Formalizing and Estimating Distribution Inference Risks
- URL: http://arxiv.org/abs/2109.06024v2
- Date: Tue, 14 Sep 2021 15:11:20 GMT
- Title: Formalizing and Estimating Distribution Inference Risks
- Authors: Anshuman Suri and David Evans
- Abstract summary: We propose a formal and general definition of property inference attacks.
Our results show that inexpensive attacks are as effective as expensive meta-classifier attacks.
We extend the state-of-the-art property inference attack to work on convolutional neural networks.

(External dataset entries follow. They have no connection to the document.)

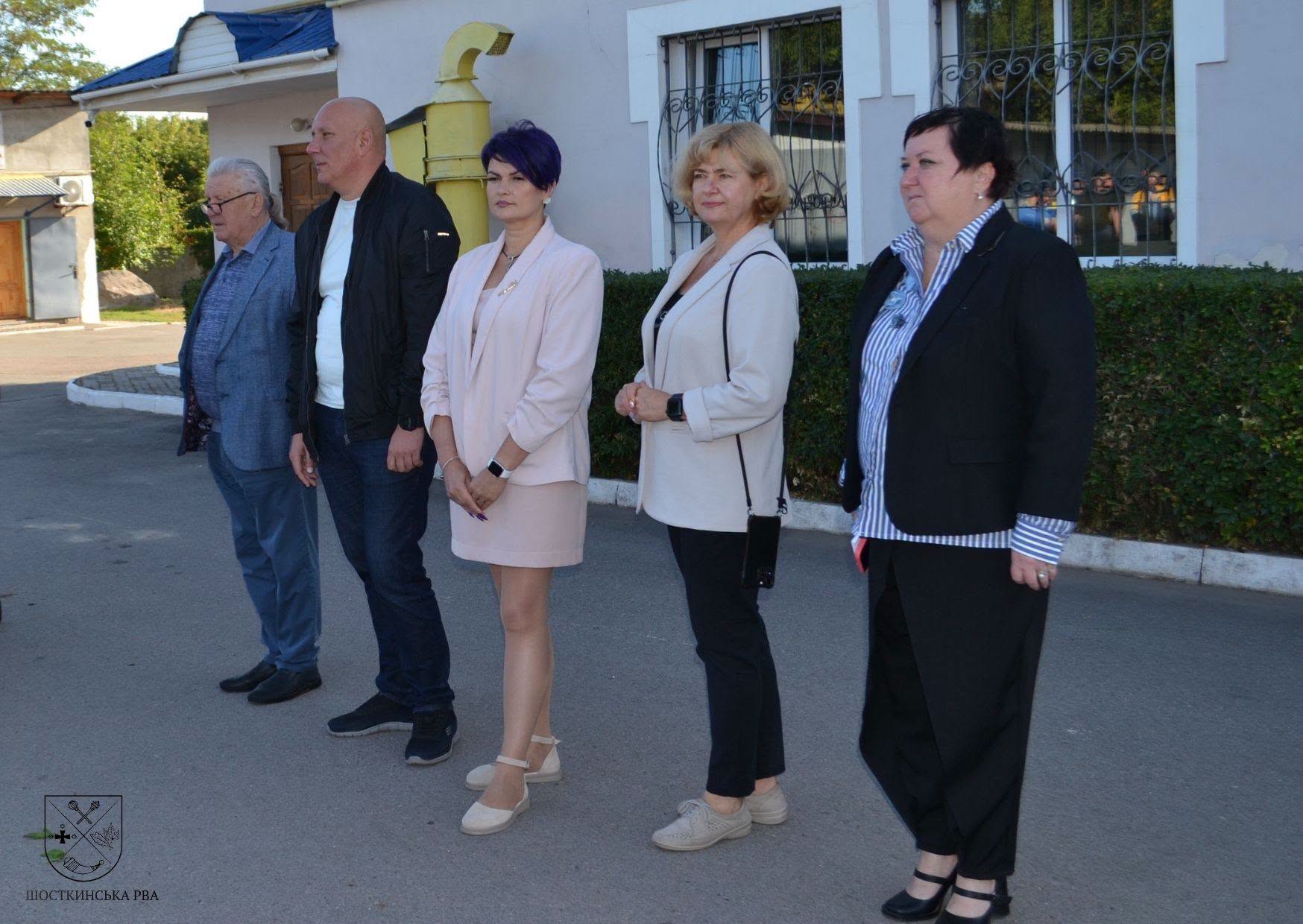 Працівників нафтової та газової галузі Шосткинщини привітали з професійним святом + Фото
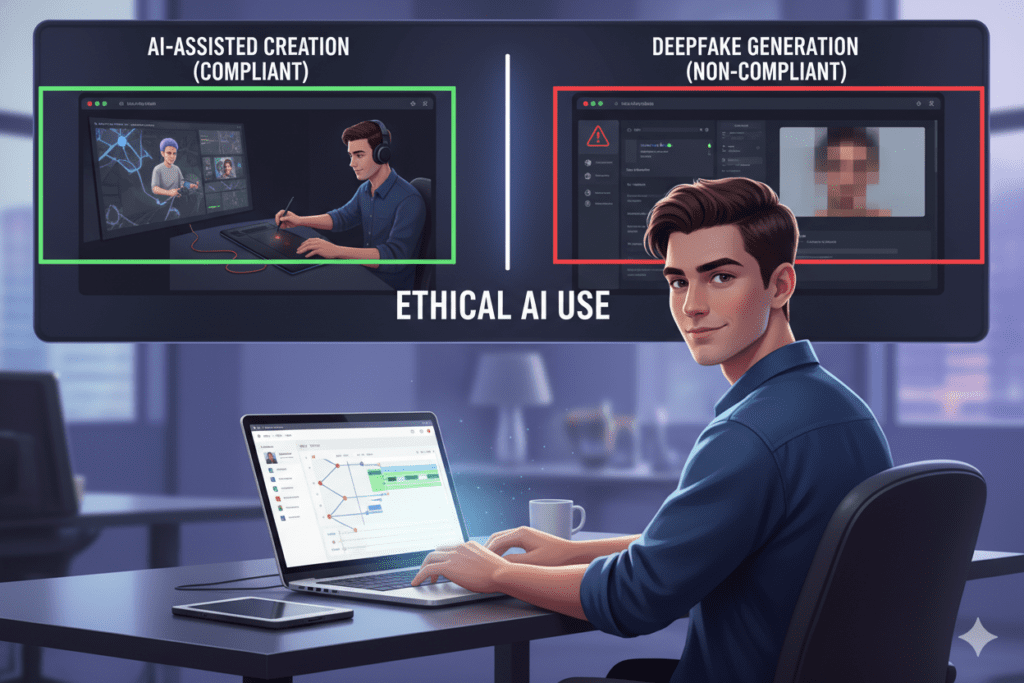 YouTube's Altered or Synthetic Content Disclosure Policy 2026: The Complete Creator's Survival Guide (Don't Risk Your Channel) 5 YouTube AI-generated video labeling rules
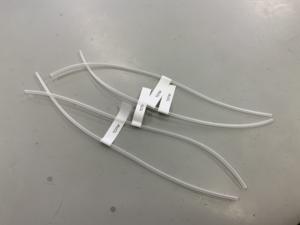 Tube en PVC de rallonge d'aspiration sans phtalate TOTM personnalisé - Product Image 2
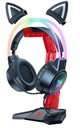 ONIKUMA ST-3 ACRYLIC HEAD-MOUNTED GAMING HEADSET STAND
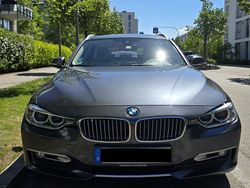 Grau Gebraucht 2013 BMW 320 Sport Line Kombi | 14.150 € (Fairer Preis)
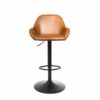 page_4646.jpg Chevy Gas Lift Barstool Tan SET OF 2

- Score: 11.650381752104298
- License: http://arxiv.org/licenses/nonexclusive-distrib/1.0/
- Abstract: Property inference attacks reveal statistical properties about a training set
but are difficult to distinguish from the intrinsic purpose of statistical
machine learning, namely to produce models that capture statistical properties
about a distribution. Motivated by Yeom et al.'s membership inference
framework, we propose a formal and general definition of property inference
attacks. The proposed notion describes attacks that can distinguish between
possible training distributions, extending beyond previous property inference
attacks that infer the ratio of a particular type of data in the training data
set such as the proportion of females. We show how our definition captures
previous property inference attacks as well as a new attack that can reveal the
average node degree or clustering coefficient of a training graph. Our
definition also enables a theorem that connects the maximum possible accuracy
of inference attacks distinguishing between distributions to the effective size
of dataset leaked by the model. To quantify and understand property inference
risks, we conduct a series of experiments across a range of different
distributions using both black-box and white-box attacks. Our results show that
inexpensive attacks are often as effective as expensive meta-classifier
attacks, and that there are surprising asymmetries in the effectiveness of
attacks. We also extend the state-of-the-art property inference attack to work
on convolutional neural networks, and propose techniques to help identify
parameters in a model that leak the most information, thus significantly
lowering resource requirements for meta-classifier attacks.